--- Provided entries Enclosed Below ---
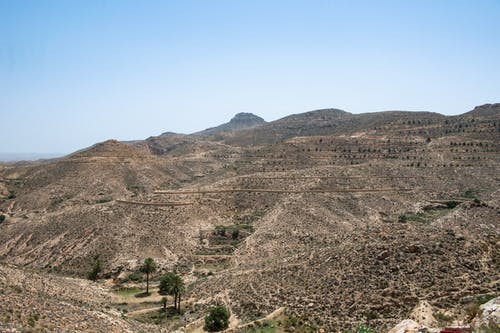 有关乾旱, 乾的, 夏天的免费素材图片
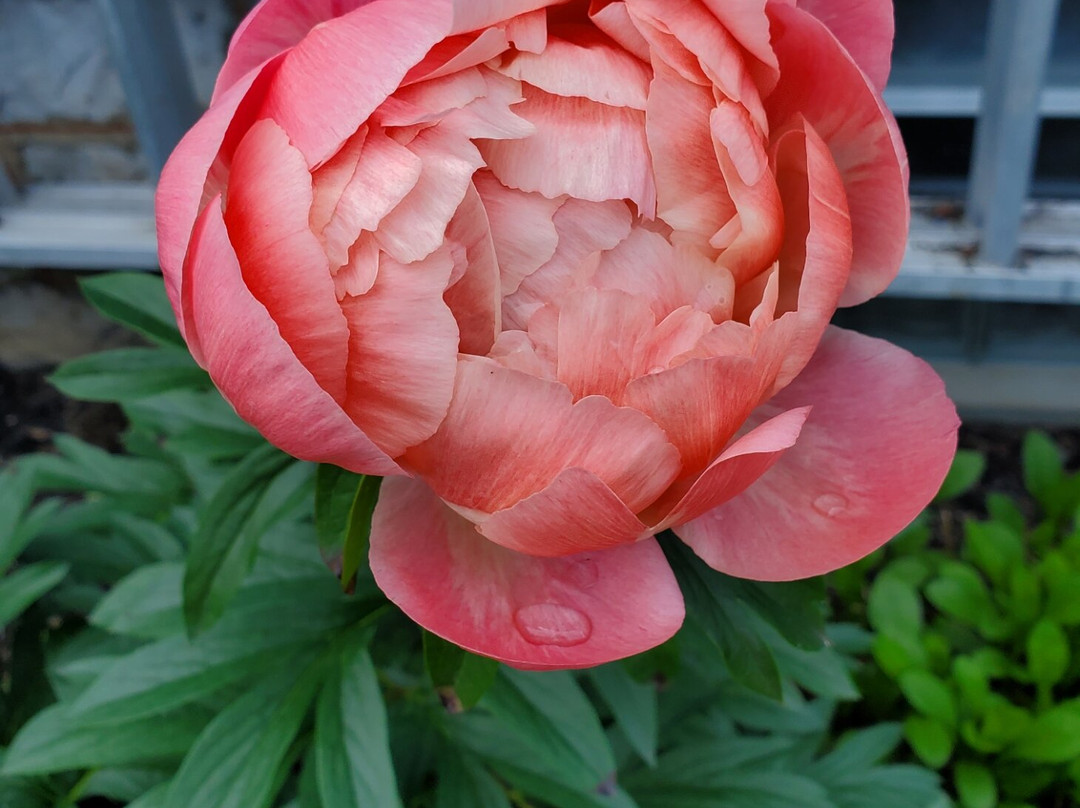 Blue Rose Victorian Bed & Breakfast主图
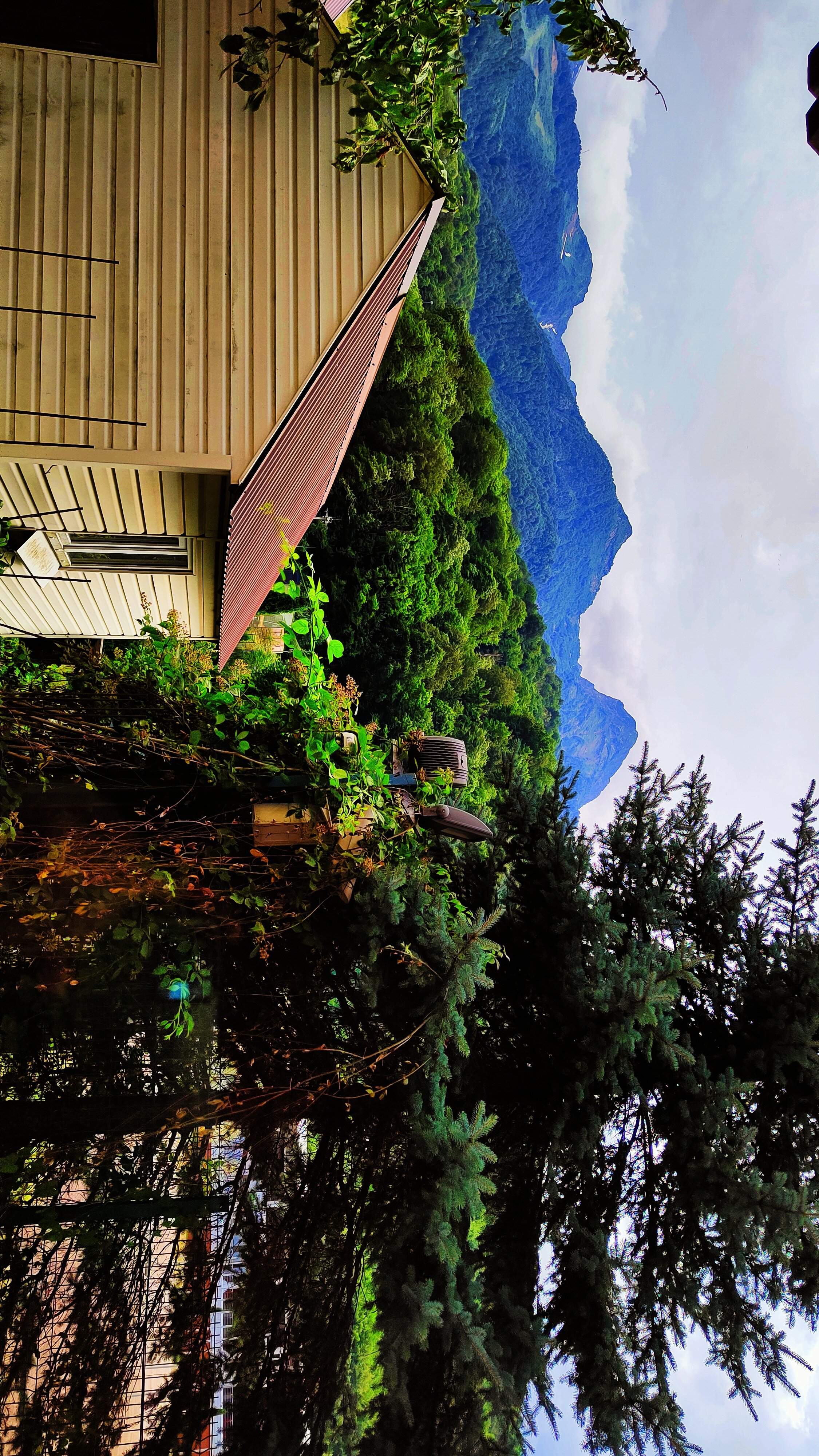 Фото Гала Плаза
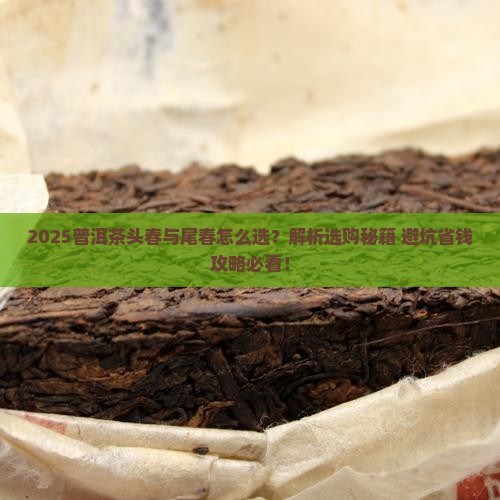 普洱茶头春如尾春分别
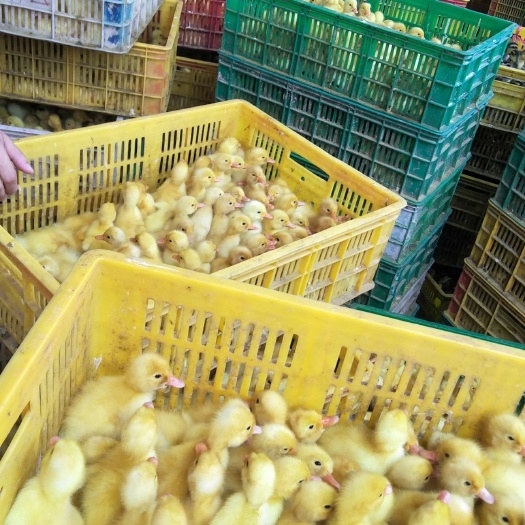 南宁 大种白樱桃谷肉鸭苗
--- End of Enclosed Provided entries ---
--- Provided entries Enclosed Below ---
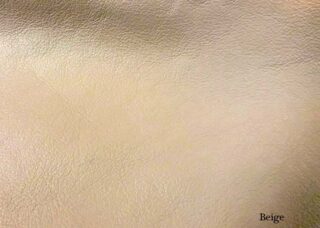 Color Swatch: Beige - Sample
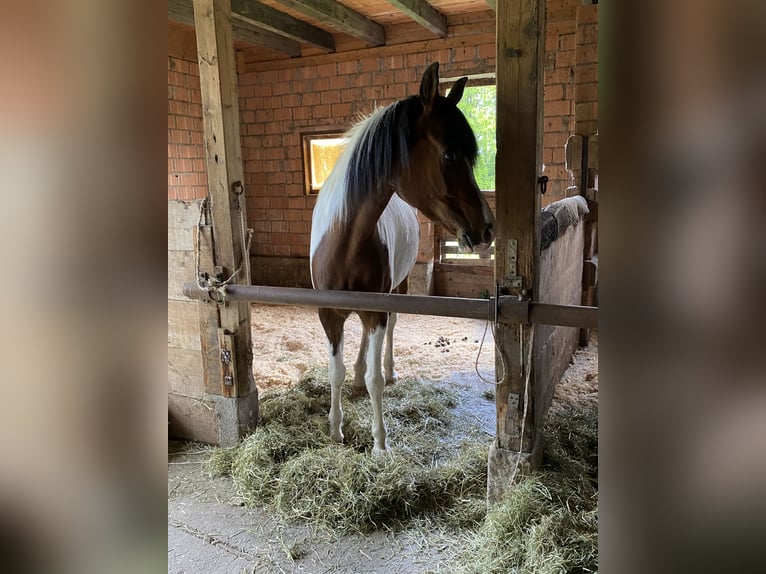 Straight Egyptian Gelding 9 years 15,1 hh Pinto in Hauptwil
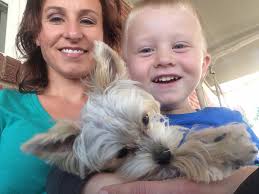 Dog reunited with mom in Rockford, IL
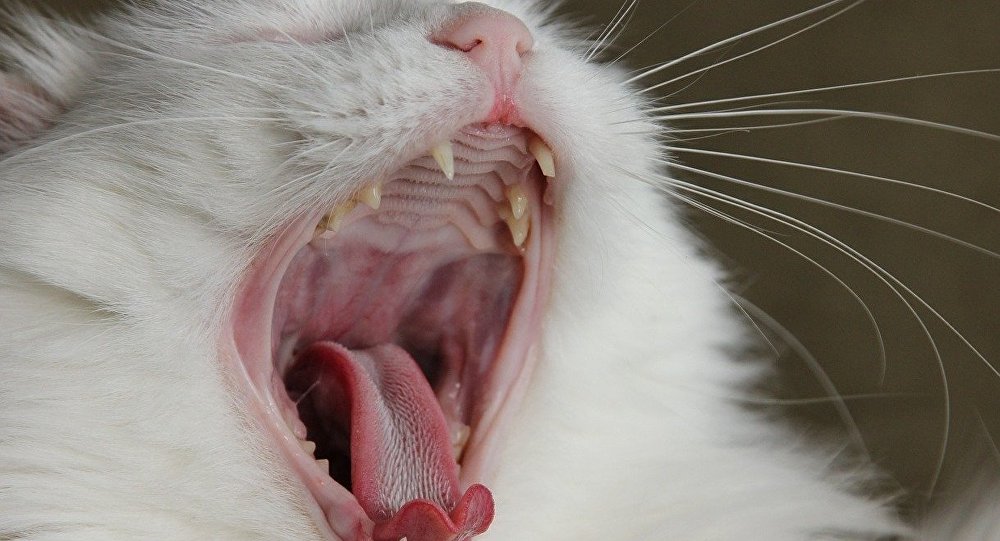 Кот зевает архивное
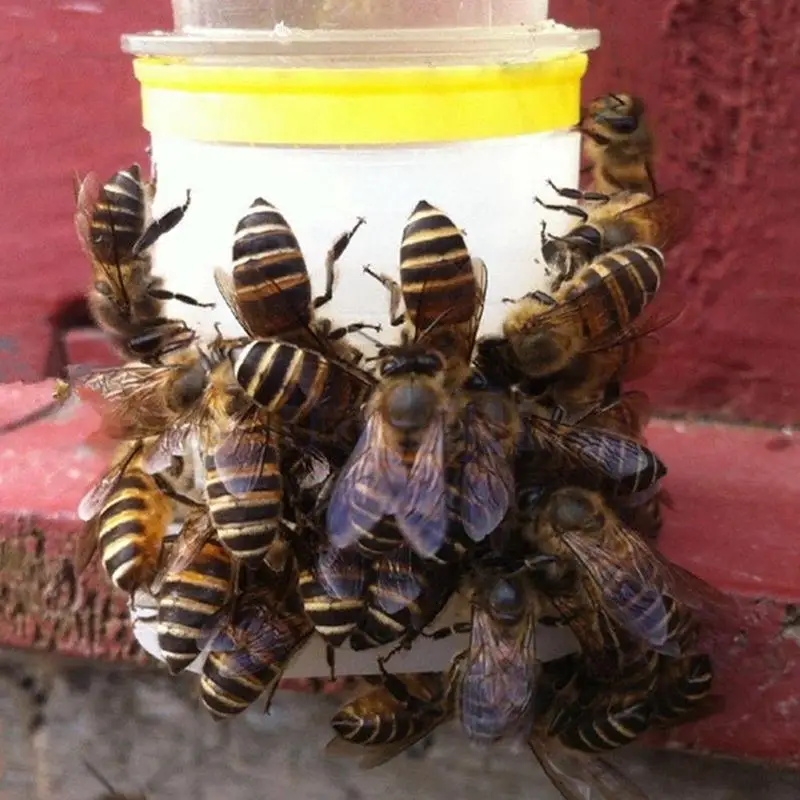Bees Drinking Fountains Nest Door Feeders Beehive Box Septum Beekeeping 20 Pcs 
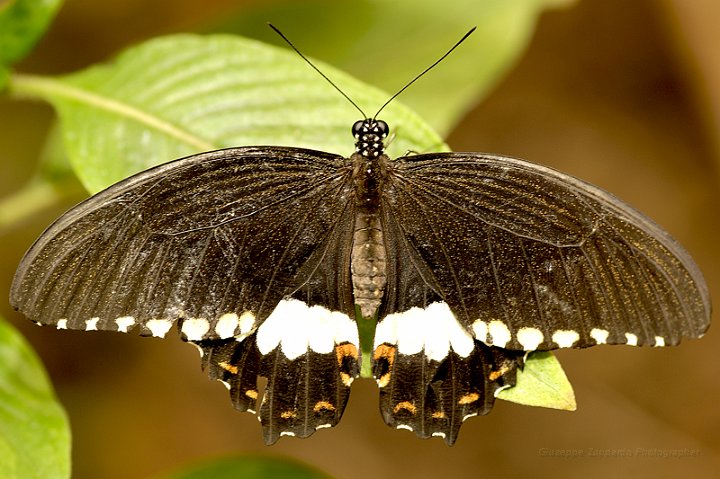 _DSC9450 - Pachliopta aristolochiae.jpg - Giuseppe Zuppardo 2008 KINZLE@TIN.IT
--- End of Enclosed Provided entries ---
--- Provided entries Enclosed Below ---
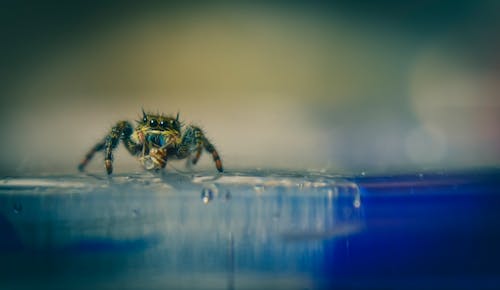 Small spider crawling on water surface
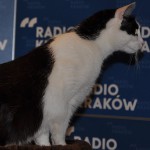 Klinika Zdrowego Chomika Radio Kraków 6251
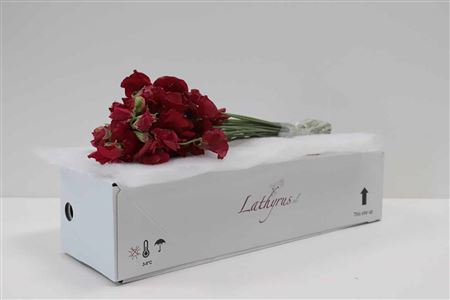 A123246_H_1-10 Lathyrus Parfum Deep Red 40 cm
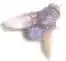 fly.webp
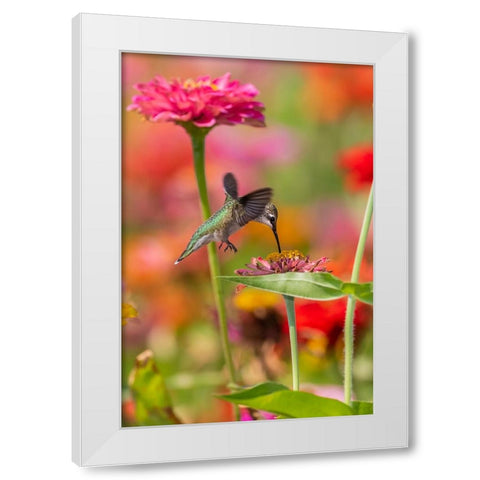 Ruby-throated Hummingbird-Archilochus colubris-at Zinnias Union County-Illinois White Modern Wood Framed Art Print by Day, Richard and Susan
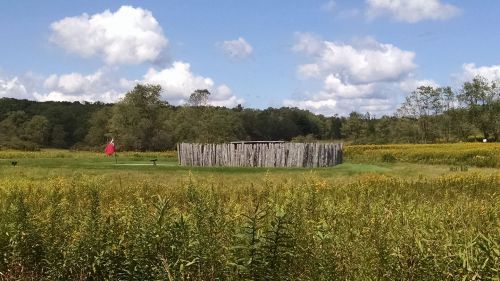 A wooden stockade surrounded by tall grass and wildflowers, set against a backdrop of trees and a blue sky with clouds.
--- End of Enclosed Provided entries ---
> [Exercise]:
Starting at the line with "有关乾旱, 乾的, 夏天的免费素材图片" and finishing at the line with "南宁 大种白樱桃谷肉鸭苗", copy the material above exactly, both lines included. Nothing else goes in, and no pictures.

> [Task solution]:
 有关乾旱, 乾的, 夏天的免费素材图片
 Blue Rose Victorian Bed & Breakfast主图
 Фото Гала Плаза
 普洱茶头春如尾春分别
 南宁 大种白樱桃谷肉鸭苗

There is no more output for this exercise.